The stately gray stone walls of the Folger Shakespeare Library on East Capitol Street have graced Capitol Hill since 1932, when Shakespeare collector Emily Folger saw her husband Henry’s vision of a “gift to America” to completion.
The library building that houses the “world’s largest Shakespeare collection” has undergone few major structural changes over the years. Today, its great hall, adorned with Tudor-style oak paneling and a vaulted white ceiling, serves as a meeting, concession and exhibition space.
But with subdued lighting from outside meant to protect exhibition items in a concession space, the current building “doesn’t represent a lot of the way we experience museums now,” according to Folger’s head of external relations, Garland Scott.
That’s why the library will close on March 2, 2020 for two years for $38 million in extensive renovations that will include a 12,000-square-foot pavilion with two new exhibition halls beneath the existing structure.
The library’s theater will stage performances of Henry IV Part One, Amadeus and The Merry Wives of Windsor this season before closing.
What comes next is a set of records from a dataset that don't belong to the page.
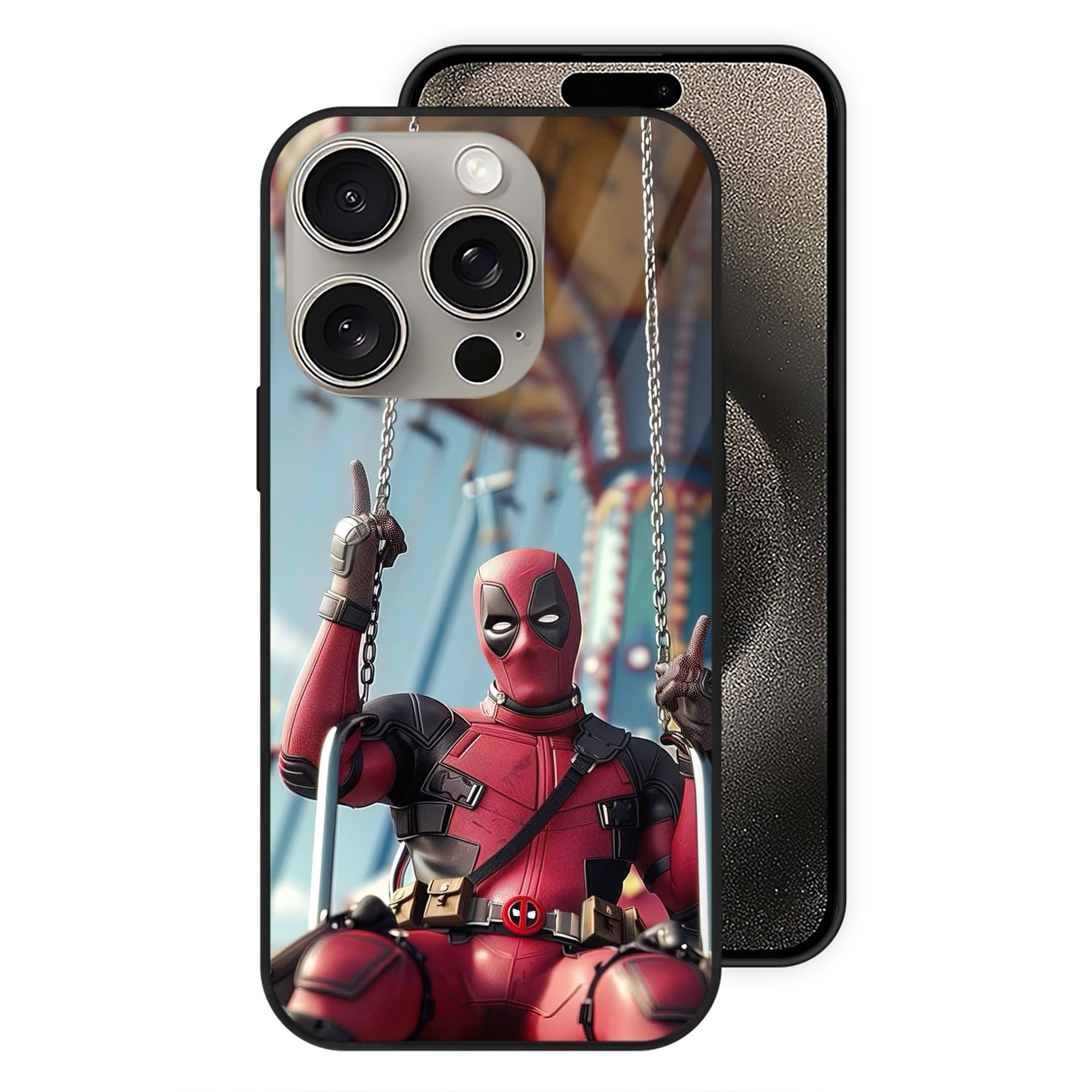 （画像用） Deadpool デッドプール 【iPhone15Pro対応】スマホケース 耐衝撃＆黄変防止 背面ガラス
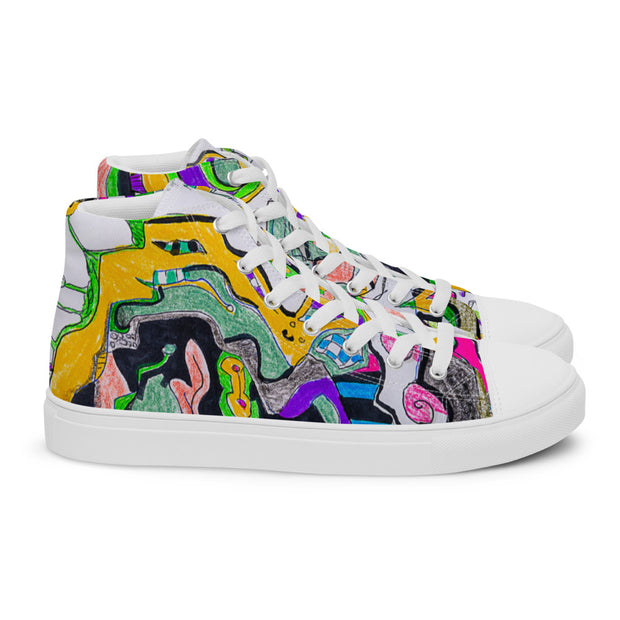 Peace-Love Art Shop Men’s high top canvas shoes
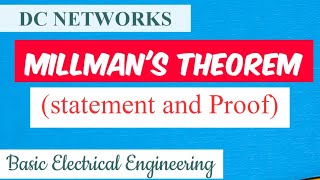 Millmans Theorem  Statement and proof [upl. by Nosniv]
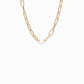 Paperclip w/freshwater pearl pendant necklace: Gold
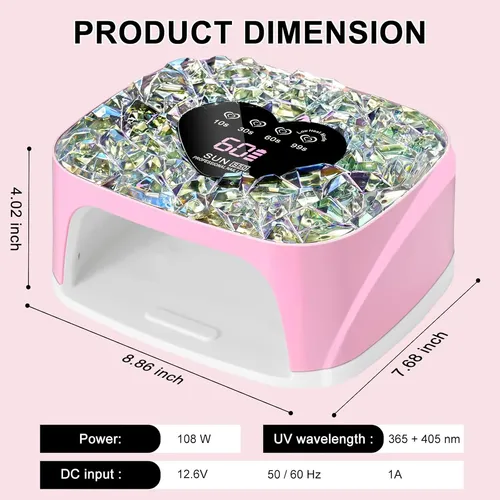 Lámpara Uv Led Para Uñas Rosa Con 4 Temporizadores Y Guant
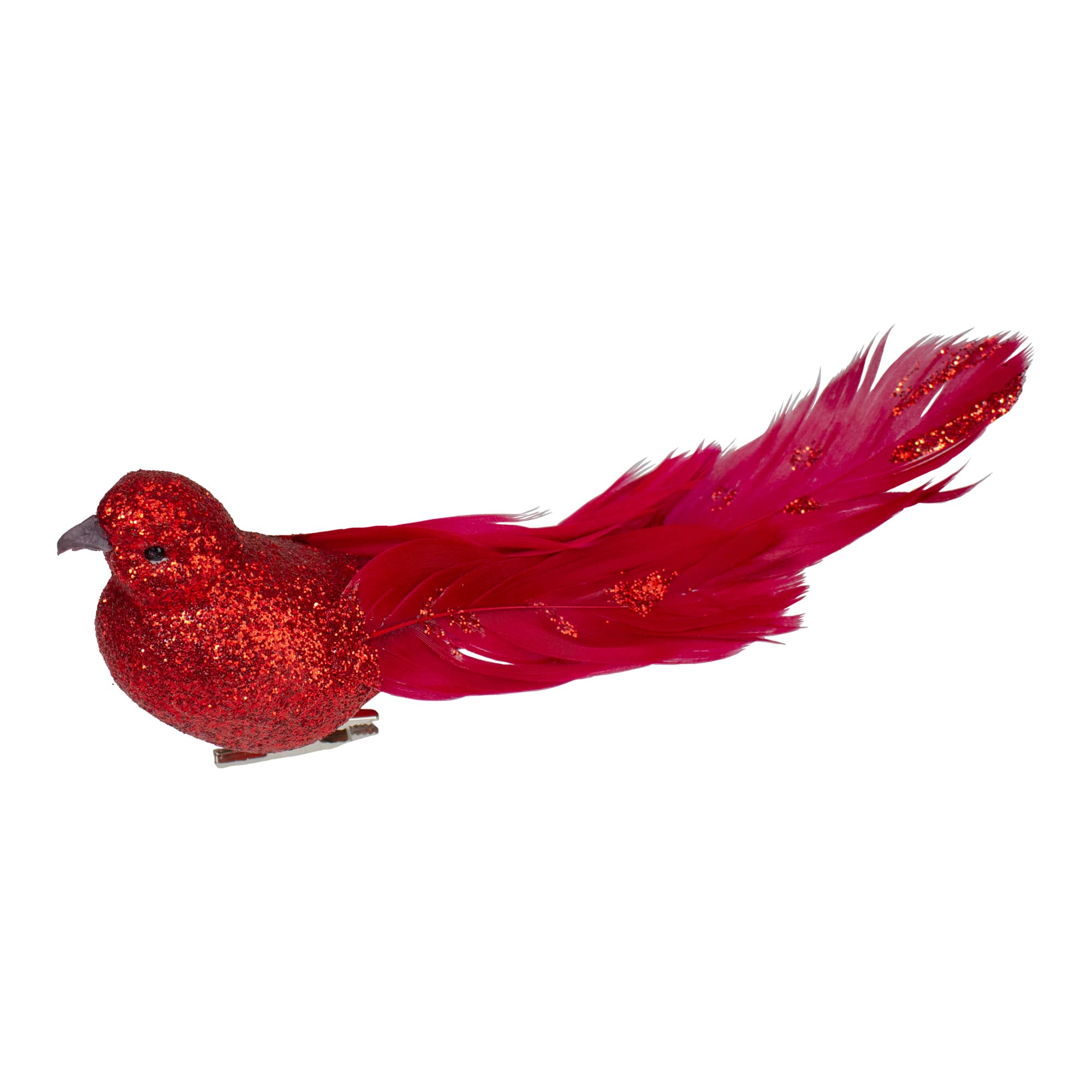 Glittered Bird With Feather Tail Christmas Clip On Ornament - 7&#x22; - Red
Despite the renovations, “Folger is by no means slowing down,” Scott told Capital News Service.
She said Folger-sponsored concerts and talks would be held at St. Mark’s Episcopal Church in Capitol Hill during construction. The Folger’s scholar programs would “go on the road” and stop in Syracuse, New York, this spring, Scott added.
The library’s new entrances will feature sloping gardens with wheelchair ramps that direct patrons toward the building’s basement expansion. Inside, the underground space will host a new great hall devoted to Shakespeare as well as the Mimi Rose Rare Book Manuscript and Exhibition Hall, showcasing early modern texts.
Philadelphia architectural firm KiernanTimberlake – which designed the new U.S. Embassy in London – will be at the helm of the Folger’s renovations, Scott said.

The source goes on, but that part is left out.